Ryan Psyshock'un çenesini yumrukladıktan hemen sonra, Shroud 'varlığını' ortaya koydu ve her yöne cam kırıkları saçtı. Hayvan barınağındaki evcil hayvanlar hep bir ağızdan ulurken, durum hızla kaotik bir yakın dövüşe dönüştü.
Shortie hemen su tüfeğiyle Psyshock'a ateş etti ve sıvı Meta'nın etrafında üç metre genişliğinde bir baloncuk oluşturdu. Kötü niyetli telepat sıvı hapishaneden kaçamadan içeride debelenmeye başladı. Bu arada Rakshasa bir düzine gremlin çağırdı, Atom Kedi Mongrel'le yakın dövüşe girmeye çalıştı ancak bir basınçlı hava patlamasıyla püskürtüldü ve Wardrobe'un kostümü Che Guevara'nın cosplayine dönüştü. Panda'ya gelince...

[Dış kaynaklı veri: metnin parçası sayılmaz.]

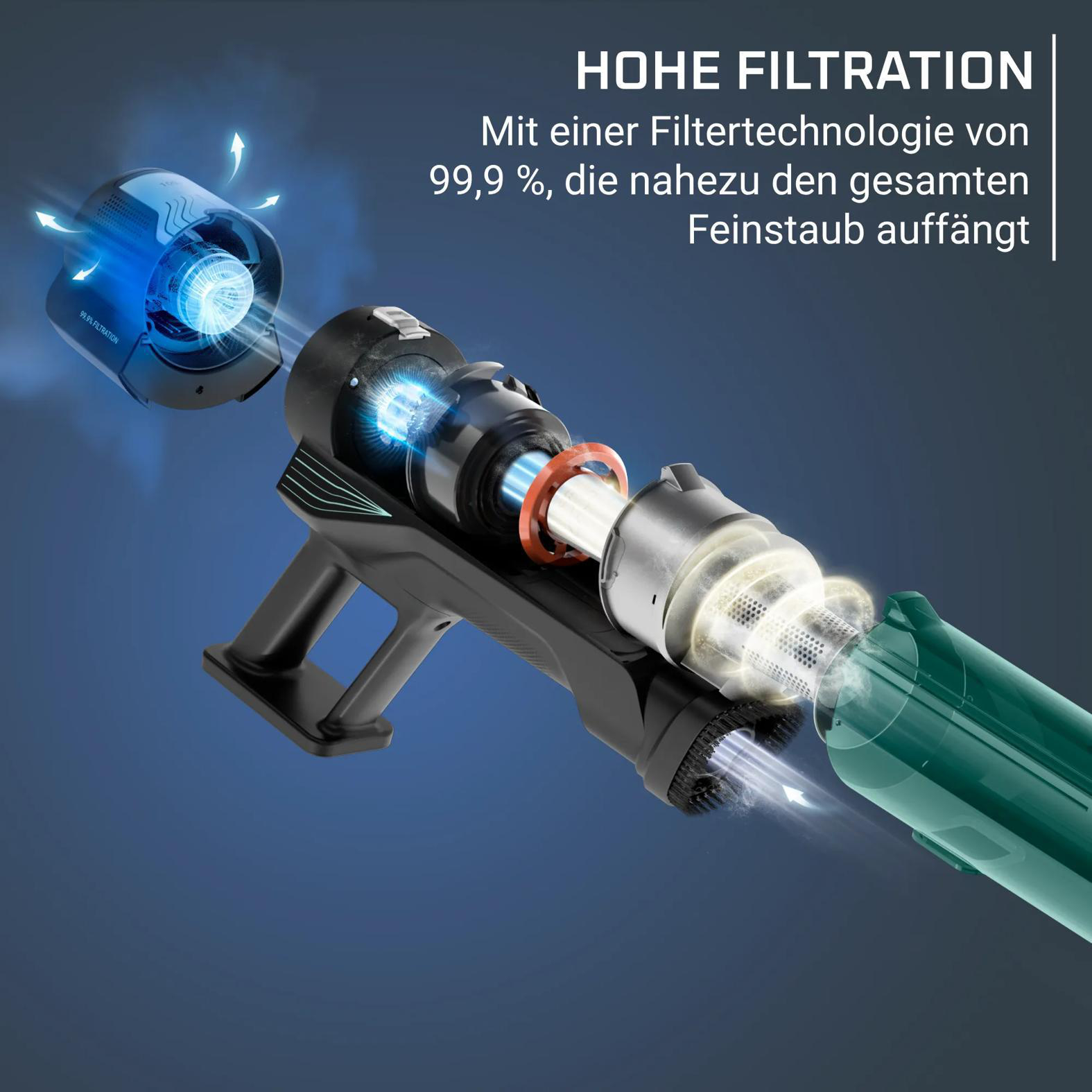 Explosionszeichnung eines schwarzen Akku-Staubsaugers mit blauer Belüftung und orangefarbenem Ring.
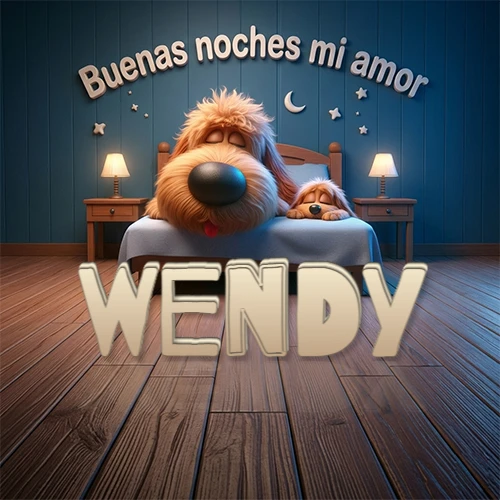 Dos perros de raza de pelaje espeso durmiendo juntos plácidamente en una cama cómoda, sobre ellos la frase 'Buenas noches mi amor' en una pared azul tranquila decorada con estrellas y una pequeña luna, con lámparas laterales cálidas. El nombre está en un prominente texto 3D en el piso de madera frente a la cama. Nombre personalizado: Wendy. Dos perros de raza de pelaje espeso durmiendo juntos plácidamente en una cama cómoda, sobre ellos la frase 'Buenas noches mi amor' en una pared azul tranquila decorada con estrellas y una pequeña luna, con lámparas laterales cálidas. El nombre está en un prominente texto 3D en el piso de madera frente a la cama. Nombre personalizado: Wendy.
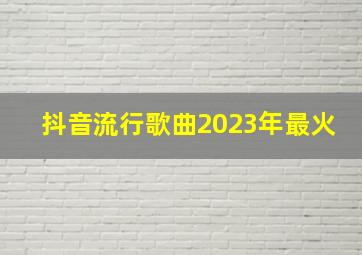 抖音流行歌曲2023年最火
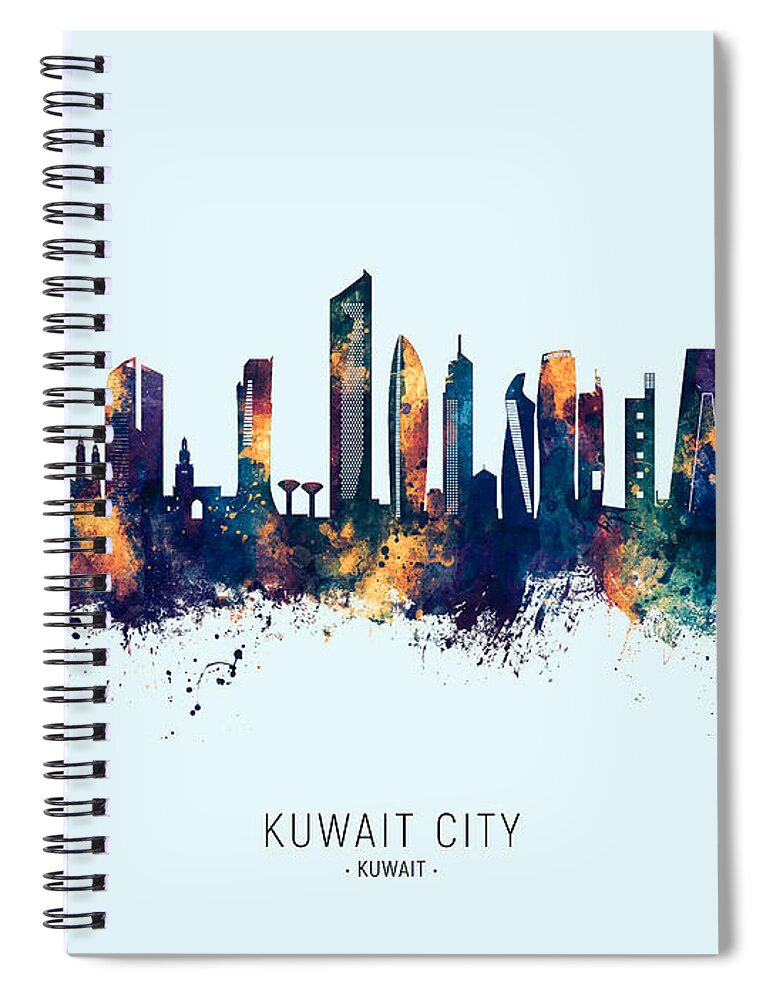 Kuwait City Spiral Notebook featuring the digital art Kuwait City Skyline #84 by Michael Tompsett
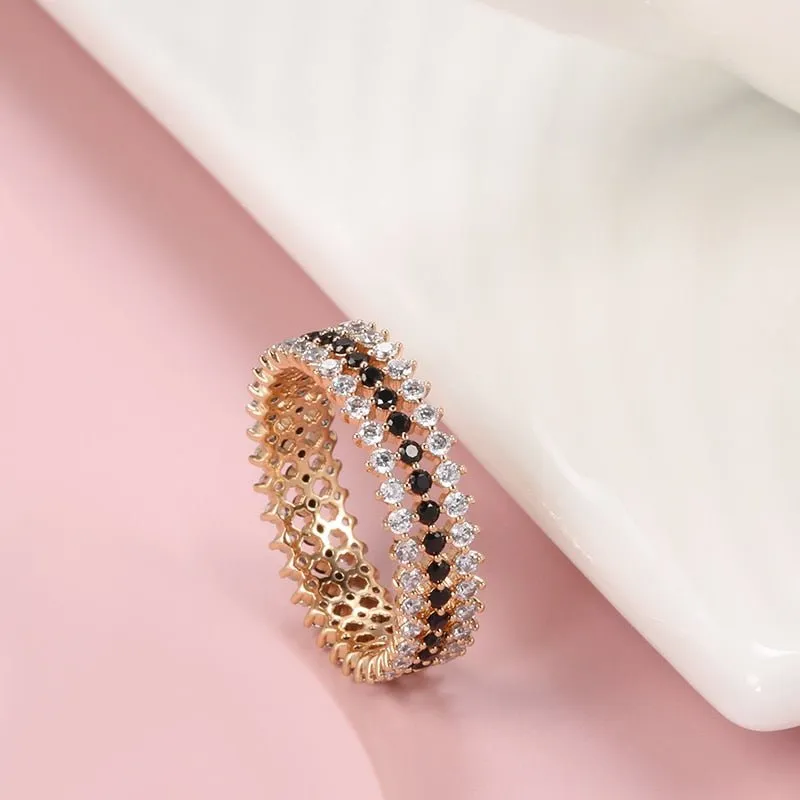 Unique 585 Rose Gold Ring For Women Wedding Jewelry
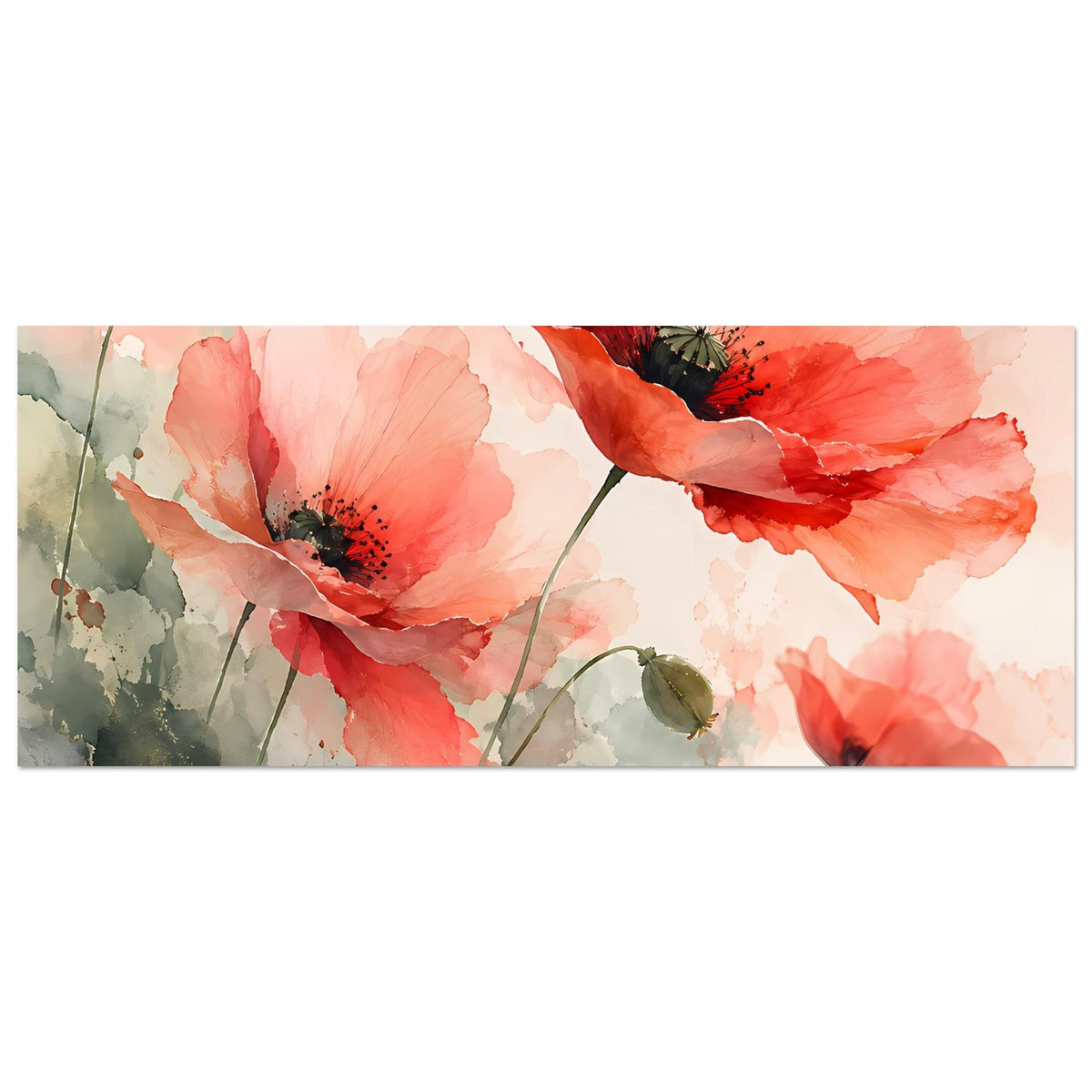 Panorama-Aquarellposter mit Mohnblumen in Korallrosa, grüne Blätter und Knospen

Kavga başladığında Sivrisinek hemen ona doğru uçtu ve ayıyı kanını içebileceği kolay bir av olarak seçti. Ancak Ryan'ın öğrencisinin bir kutup ayısından daha büyük ve en az onun kadar sert vuran yedi yüz kiloluk bir juggernaut olduğunu unutmuştu.
Bu yüzden Sivrisinek'in iğnesini uçuşunun ortasında yakaladı, kendi üzerinde döndü ve şaşırmış Psikopat'ı siyah minibüslerden birine doğru fırlattı. Böcek adam alarmı tetiklemeye yetecek bir güçle vurdu, ancak toparlanamadan hemen arayı kapattı.
"Ayı Ezmesi!" Meta'ya saldırırken kükredi ve ona öyle sert vurdu ki minibüsün metal kapıları eğildi; ardından hayvani gücüyle Sivrisinek'in canına okumaya başladı.
O...
O iyiydi!
Panda iyiydi!
Gülünçtü ama iyiydi!
Ne yazık ki Ryan'ın hayvanların kavgasını izleyecek zamanı yoktu. Metalar arasındaki kertenkele adam boş bir noktaya doğru hamle yaptı ve yere bir şey çarptı, savrulan toz görünmez Kefen'in konumunu ortaya çıkardı. Ryan kertenkelenin cam Genom'u ses ya da koku yoluyla algılamayı başardığını tahmin etti. Karnaval kanunsuzu kırıklarla karşılık verdi ama Meta kertenkelenin sert pullarını kesemediler.
Zamanı durduran Ryan, Shroud'un yardımına koştu ve donmuş zamanda Fisty ile kertenkeleye yumruk attı. Saat yeniden işlediğinde, darbe sürüngeni yana doğru uçurdu ve Kefen'in uçup gitmesine izin verdi. Cam genom, Mongrel onu pirokinezi ile yakamadan önce Atom Kedi'yi parçalarla desteklemek için hedef değiştirdi.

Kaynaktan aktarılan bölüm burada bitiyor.